Again, it is complained that the court erred in instructing the jury that, inasmuch as it was denied that the assured signed or executed the application for the certificate, the burden of proof was on the defendant to prove by a preponderance of the evidence that he did execute it in order to support the defense of a false statement made therein. This was not error. One of the grounds upon which the defendant denied liability was that the assured had made a false statement in the written application which voided the certificate. The plaintiff denied that the assured signed the application and made the statement claimed to be false.

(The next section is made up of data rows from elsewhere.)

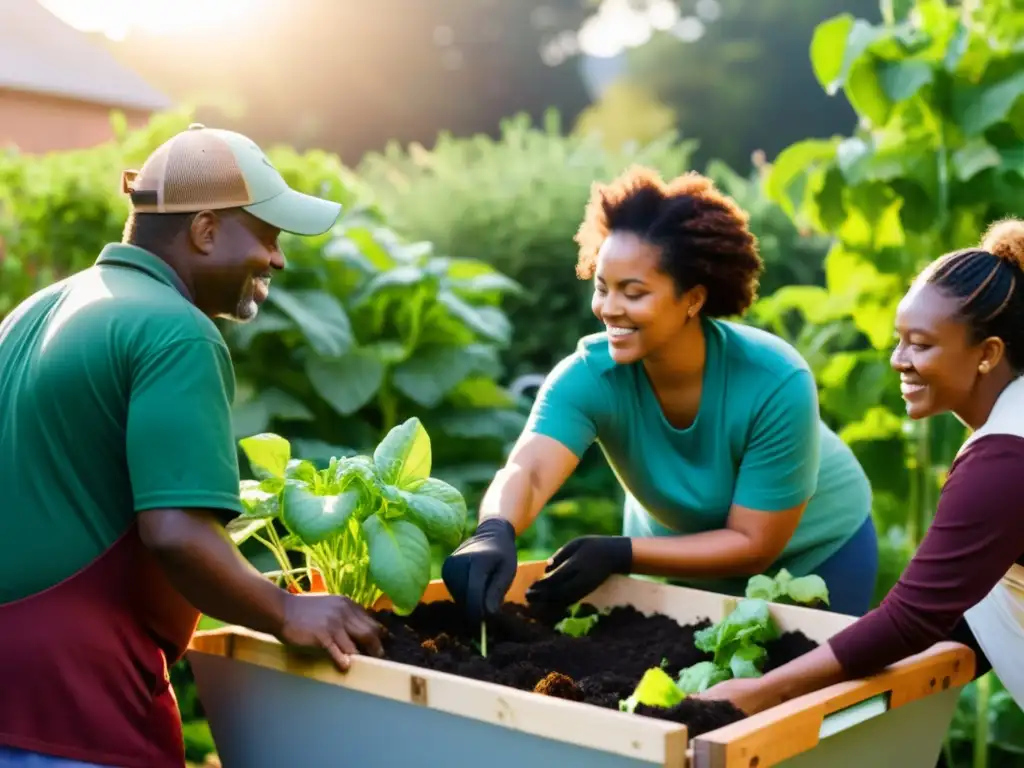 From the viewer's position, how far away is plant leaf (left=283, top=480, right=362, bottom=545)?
1.62 metres

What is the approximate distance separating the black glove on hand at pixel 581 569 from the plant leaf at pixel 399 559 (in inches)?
15.2

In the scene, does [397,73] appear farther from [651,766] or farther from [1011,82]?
[651,766]

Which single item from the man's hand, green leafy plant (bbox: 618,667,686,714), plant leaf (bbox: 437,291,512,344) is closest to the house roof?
plant leaf (bbox: 437,291,512,344)

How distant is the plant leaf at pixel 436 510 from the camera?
1.73 m

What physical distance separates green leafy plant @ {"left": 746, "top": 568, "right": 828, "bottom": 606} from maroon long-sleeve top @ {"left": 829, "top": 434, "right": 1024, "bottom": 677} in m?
0.40

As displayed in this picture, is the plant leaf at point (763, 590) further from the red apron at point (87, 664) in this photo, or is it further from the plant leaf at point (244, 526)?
the red apron at point (87, 664)

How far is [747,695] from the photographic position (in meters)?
1.49

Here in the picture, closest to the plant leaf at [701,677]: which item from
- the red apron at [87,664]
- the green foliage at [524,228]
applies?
the red apron at [87,664]

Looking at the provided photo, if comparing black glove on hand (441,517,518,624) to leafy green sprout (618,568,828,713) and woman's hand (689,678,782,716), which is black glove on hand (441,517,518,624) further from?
woman's hand (689,678,782,716)

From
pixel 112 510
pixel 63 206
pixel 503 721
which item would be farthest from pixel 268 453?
pixel 63 206

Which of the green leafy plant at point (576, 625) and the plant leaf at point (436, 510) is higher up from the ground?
the plant leaf at point (436, 510)

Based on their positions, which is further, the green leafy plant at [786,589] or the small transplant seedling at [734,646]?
the green leafy plant at [786,589]

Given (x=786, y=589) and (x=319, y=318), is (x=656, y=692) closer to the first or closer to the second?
(x=786, y=589)

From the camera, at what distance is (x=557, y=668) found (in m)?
1.78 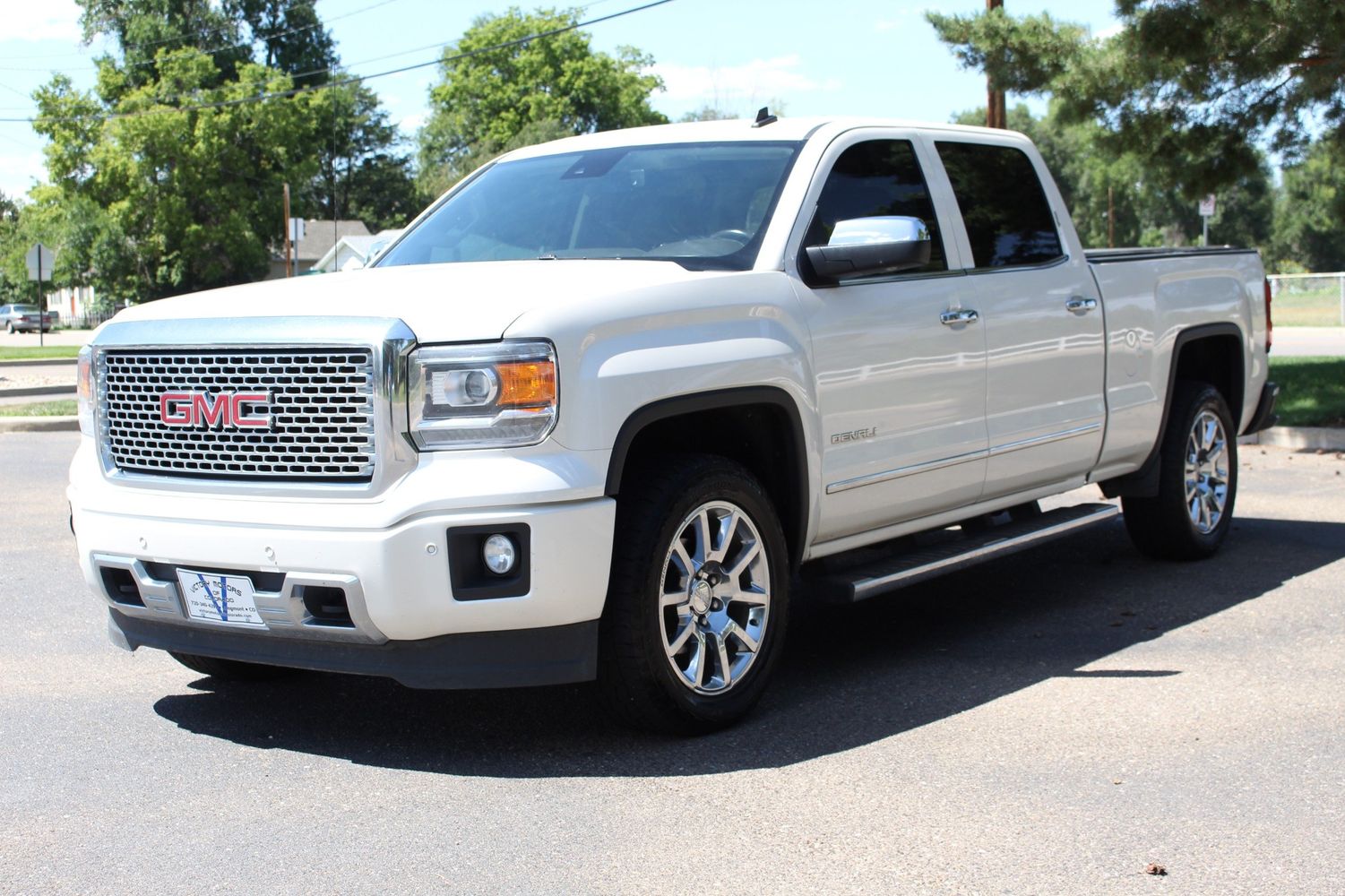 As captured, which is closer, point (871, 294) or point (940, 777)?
point (940, 777)

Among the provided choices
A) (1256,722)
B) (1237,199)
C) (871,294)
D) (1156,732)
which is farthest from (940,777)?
(1237,199)

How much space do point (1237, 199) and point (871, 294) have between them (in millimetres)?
78780

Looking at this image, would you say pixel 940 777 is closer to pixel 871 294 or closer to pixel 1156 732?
pixel 1156 732

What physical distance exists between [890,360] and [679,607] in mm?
1367

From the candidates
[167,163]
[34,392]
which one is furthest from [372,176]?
[34,392]

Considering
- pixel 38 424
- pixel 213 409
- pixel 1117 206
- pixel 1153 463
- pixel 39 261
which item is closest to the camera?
pixel 213 409

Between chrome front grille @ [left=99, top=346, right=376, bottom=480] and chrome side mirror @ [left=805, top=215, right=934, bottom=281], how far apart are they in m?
1.73

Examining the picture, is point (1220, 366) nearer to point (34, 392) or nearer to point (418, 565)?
point (418, 565)

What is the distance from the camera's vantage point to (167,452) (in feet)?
16.0

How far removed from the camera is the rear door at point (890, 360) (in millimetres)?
5441

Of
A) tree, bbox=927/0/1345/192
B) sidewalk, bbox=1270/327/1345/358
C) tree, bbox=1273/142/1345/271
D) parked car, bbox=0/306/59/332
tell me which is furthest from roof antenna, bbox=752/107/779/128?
tree, bbox=1273/142/1345/271

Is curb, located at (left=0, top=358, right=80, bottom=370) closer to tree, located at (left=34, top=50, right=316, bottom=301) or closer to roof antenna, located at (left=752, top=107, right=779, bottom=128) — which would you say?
roof antenna, located at (left=752, top=107, right=779, bottom=128)

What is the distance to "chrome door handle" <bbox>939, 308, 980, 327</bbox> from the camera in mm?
5926

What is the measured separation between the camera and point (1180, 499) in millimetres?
7734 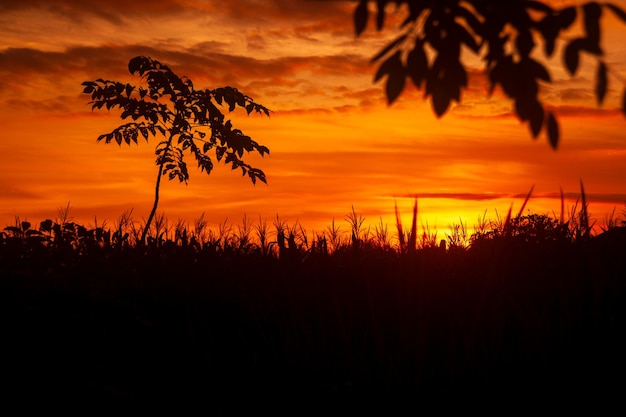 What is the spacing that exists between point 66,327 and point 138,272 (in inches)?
57.7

At the trial the plaintiff offered the certificate, proof of death, and the making proof of death and demand for payment, and rested. Thus a prima facie case of the liability was made out. The defendant offered the application with proof of its execution by the assured and the alleged false statement therein. Proof in rebuttal was admitted to the effect that the signature to the application was not that of the assured. The law cast upon the defendant the burden of establishing this ground of its defense, and it was not error for the court to so instruct the jury. *183

Other instructions are complained of, but a careful consideration of them constrains us to hold that the issues were fully stated to the jury by the court in the instructions, and the law applicable thereto, and that none of these assignments are well taken.

The issuance of the policy was admitted, but it was contended by the plaintiff in error that it was not liable for the reason set out in its answer. The plaintiff in error assumed the burden of proof in establishing the defenses set out. The evidence was conflicting. The jury by the verdict found that the defenses relied upon had not been sustained. There was evidence to sustain this verdict.

Therefore the judgment appealed from should be affirmed.

By the Court: It is so ordered.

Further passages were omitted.